Assignment:
Your answer should consist of each line below that includes the word "shop".
━━━ Dataset content ━━━
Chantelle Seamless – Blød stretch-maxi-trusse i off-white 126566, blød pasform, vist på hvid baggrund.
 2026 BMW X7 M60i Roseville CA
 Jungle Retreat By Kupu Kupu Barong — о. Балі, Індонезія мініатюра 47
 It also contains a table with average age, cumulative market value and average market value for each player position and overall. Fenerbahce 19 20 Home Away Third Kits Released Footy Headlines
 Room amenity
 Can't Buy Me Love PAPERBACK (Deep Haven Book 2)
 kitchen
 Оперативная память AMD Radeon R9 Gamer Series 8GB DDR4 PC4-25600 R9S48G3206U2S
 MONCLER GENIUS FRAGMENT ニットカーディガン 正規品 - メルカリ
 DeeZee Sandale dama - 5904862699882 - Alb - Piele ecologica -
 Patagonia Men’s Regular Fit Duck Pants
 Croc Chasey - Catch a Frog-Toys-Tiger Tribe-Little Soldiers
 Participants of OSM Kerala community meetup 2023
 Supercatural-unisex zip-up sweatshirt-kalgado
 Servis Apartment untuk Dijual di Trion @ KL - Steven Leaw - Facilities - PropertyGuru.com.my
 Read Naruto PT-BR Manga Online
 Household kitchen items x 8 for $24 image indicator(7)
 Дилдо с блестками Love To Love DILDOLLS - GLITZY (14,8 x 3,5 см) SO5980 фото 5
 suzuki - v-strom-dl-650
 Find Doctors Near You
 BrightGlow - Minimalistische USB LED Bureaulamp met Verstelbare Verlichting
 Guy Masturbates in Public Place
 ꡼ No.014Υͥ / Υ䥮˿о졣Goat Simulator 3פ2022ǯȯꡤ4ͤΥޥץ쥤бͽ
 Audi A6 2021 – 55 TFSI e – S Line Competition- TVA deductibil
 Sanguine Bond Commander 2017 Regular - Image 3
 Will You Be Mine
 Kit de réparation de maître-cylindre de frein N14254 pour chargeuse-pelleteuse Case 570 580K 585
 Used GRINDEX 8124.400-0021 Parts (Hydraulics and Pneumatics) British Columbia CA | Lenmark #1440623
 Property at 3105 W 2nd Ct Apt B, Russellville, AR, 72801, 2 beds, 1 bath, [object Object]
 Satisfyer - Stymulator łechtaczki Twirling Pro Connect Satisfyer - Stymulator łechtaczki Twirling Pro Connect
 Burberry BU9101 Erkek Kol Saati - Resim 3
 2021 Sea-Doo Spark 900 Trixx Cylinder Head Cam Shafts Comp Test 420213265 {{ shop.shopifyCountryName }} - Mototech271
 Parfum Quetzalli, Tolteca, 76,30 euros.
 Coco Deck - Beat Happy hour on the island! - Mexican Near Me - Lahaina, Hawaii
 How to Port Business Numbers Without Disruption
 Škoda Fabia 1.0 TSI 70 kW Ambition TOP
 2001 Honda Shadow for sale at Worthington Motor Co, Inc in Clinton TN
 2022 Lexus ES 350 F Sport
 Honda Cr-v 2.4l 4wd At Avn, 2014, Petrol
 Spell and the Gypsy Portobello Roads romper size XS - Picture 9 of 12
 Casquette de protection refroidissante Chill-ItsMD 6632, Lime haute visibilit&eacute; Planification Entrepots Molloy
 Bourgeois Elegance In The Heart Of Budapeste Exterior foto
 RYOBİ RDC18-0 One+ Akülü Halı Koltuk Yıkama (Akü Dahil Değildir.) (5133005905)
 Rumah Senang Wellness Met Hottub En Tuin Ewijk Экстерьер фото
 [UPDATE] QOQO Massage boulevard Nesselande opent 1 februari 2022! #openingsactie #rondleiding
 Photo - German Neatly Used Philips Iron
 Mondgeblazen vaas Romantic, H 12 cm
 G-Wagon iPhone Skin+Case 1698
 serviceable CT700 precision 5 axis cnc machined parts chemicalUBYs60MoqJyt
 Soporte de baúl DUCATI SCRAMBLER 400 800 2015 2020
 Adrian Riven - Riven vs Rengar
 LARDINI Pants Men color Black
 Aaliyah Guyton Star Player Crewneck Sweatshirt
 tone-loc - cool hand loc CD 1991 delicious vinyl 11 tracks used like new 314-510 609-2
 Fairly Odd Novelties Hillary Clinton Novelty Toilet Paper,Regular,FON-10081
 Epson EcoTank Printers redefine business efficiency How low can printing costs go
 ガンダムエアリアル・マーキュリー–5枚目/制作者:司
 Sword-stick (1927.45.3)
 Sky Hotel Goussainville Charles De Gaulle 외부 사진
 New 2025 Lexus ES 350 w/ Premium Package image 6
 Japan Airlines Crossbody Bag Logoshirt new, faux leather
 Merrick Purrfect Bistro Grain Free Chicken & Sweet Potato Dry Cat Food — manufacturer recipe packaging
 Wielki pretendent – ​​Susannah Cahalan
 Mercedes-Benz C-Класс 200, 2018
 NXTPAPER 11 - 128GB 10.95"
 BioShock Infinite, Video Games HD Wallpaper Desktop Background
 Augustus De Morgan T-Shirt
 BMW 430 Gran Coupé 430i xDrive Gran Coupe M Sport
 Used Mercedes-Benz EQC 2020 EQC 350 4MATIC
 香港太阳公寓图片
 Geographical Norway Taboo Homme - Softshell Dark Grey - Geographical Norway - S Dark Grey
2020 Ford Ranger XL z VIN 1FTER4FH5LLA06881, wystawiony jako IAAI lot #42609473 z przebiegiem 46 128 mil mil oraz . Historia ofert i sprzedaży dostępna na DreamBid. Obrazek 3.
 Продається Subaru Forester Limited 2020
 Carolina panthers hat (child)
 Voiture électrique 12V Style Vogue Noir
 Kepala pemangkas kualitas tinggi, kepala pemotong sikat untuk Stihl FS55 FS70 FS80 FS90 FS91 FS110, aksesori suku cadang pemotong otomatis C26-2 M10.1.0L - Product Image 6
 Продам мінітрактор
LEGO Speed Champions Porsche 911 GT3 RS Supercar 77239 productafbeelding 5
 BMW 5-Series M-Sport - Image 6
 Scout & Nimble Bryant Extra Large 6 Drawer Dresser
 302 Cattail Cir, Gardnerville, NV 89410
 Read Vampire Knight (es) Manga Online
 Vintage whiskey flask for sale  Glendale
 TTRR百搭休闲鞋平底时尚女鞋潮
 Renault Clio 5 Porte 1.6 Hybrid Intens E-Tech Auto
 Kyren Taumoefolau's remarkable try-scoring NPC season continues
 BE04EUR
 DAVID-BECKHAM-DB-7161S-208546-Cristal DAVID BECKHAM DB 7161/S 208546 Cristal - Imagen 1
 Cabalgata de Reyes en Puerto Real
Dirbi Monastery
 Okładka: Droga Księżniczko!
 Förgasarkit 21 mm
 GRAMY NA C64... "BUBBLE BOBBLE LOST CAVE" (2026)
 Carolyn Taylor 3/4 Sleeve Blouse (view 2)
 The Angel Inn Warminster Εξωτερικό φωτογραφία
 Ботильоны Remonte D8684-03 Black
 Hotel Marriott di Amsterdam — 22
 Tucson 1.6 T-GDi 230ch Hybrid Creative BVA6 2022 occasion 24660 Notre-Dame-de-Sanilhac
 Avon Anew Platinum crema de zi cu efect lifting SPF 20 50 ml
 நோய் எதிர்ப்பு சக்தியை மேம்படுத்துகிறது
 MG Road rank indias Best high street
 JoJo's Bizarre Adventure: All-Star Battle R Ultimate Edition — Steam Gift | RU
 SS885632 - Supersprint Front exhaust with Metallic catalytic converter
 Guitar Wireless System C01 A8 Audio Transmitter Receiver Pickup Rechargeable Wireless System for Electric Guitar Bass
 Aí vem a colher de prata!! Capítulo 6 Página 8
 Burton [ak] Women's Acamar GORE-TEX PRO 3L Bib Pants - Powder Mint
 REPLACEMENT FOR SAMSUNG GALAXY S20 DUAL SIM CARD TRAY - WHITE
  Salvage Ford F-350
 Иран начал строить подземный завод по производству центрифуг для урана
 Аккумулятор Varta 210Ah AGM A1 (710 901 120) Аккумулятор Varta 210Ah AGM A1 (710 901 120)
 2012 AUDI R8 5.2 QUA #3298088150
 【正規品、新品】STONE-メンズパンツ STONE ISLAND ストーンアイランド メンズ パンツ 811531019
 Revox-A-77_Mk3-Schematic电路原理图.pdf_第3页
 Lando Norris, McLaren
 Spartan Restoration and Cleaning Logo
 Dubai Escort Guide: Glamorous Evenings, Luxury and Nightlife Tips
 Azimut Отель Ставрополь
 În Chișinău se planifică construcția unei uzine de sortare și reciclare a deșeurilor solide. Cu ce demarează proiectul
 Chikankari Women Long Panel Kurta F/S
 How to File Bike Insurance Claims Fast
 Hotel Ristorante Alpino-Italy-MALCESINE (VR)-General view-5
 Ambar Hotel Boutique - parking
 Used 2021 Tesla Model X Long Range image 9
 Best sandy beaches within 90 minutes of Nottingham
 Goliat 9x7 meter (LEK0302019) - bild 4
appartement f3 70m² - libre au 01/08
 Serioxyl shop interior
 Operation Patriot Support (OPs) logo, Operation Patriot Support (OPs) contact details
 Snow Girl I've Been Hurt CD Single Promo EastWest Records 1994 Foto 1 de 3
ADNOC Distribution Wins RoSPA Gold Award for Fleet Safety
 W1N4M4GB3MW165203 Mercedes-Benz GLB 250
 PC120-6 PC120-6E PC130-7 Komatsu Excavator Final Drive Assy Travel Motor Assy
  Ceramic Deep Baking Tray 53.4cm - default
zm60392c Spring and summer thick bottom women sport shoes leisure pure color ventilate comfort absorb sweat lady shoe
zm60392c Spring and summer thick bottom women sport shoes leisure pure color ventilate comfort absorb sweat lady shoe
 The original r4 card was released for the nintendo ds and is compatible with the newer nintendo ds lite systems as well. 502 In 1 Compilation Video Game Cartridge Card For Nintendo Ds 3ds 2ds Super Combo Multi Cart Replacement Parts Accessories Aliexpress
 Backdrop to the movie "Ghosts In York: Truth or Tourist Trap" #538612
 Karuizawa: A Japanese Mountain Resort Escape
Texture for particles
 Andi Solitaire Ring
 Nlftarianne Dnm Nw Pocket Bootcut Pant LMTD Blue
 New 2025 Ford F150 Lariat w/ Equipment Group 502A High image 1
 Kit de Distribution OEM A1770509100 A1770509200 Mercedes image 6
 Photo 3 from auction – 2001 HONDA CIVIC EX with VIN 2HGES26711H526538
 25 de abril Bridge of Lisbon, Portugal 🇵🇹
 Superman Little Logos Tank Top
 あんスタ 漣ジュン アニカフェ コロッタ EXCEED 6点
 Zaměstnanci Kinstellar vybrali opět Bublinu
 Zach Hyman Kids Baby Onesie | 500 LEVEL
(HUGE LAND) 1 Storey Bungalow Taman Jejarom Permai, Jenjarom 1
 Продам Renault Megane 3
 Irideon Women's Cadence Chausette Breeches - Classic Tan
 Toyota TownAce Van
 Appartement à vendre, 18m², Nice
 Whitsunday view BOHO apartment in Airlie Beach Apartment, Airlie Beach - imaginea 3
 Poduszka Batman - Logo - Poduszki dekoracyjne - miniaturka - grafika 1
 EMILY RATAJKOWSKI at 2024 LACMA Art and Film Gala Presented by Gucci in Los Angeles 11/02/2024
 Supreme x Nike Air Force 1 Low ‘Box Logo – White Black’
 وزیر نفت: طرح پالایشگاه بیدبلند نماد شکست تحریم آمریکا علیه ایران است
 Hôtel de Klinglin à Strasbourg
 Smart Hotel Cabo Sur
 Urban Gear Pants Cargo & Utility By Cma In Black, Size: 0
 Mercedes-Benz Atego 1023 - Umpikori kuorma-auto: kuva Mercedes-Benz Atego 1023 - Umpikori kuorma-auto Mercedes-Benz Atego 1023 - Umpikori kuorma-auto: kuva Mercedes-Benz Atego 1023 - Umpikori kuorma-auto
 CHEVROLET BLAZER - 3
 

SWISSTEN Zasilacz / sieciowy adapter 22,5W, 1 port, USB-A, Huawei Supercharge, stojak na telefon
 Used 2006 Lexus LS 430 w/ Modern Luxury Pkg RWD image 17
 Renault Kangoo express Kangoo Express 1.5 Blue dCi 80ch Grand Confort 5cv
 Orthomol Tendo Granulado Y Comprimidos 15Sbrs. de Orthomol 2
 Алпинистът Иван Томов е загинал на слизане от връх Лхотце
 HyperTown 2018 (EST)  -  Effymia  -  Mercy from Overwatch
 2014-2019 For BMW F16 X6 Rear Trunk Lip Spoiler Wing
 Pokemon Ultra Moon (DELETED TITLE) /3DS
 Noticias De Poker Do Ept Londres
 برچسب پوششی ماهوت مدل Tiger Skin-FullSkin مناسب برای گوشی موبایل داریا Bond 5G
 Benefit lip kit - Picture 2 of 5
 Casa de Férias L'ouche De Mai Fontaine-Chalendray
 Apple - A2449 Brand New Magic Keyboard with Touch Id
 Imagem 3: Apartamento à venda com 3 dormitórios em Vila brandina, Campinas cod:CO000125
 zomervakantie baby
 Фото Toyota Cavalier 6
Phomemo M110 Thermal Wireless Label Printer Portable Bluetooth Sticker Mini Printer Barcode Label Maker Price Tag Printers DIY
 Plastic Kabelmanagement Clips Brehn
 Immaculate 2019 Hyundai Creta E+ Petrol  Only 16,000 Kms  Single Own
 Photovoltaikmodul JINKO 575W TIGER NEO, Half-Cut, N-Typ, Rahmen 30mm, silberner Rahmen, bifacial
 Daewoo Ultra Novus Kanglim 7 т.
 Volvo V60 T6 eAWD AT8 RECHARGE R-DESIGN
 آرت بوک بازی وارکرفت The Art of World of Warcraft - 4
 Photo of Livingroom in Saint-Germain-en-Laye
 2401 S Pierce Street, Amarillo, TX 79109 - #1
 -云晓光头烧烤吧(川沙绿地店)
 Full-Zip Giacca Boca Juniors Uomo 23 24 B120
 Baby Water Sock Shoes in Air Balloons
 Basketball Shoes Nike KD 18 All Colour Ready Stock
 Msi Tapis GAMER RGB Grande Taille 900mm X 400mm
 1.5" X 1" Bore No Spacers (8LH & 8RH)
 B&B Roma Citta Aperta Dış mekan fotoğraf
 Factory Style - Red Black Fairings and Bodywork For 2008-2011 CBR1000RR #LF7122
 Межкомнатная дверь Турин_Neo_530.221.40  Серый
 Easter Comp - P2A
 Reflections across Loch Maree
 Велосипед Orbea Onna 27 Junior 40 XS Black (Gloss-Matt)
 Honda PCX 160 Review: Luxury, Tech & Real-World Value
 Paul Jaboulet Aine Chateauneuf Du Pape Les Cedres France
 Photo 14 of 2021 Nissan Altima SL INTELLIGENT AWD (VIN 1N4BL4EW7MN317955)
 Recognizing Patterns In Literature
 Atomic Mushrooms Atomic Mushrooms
━━━
Exercise solution:
 2021 Sea-Doo Spark 900 Trixx Cylinder Head Cam Shafts Comp Test 420213265 {{ shop.shopifyCountryName }} - Mototech271
 Serioxyl shop interior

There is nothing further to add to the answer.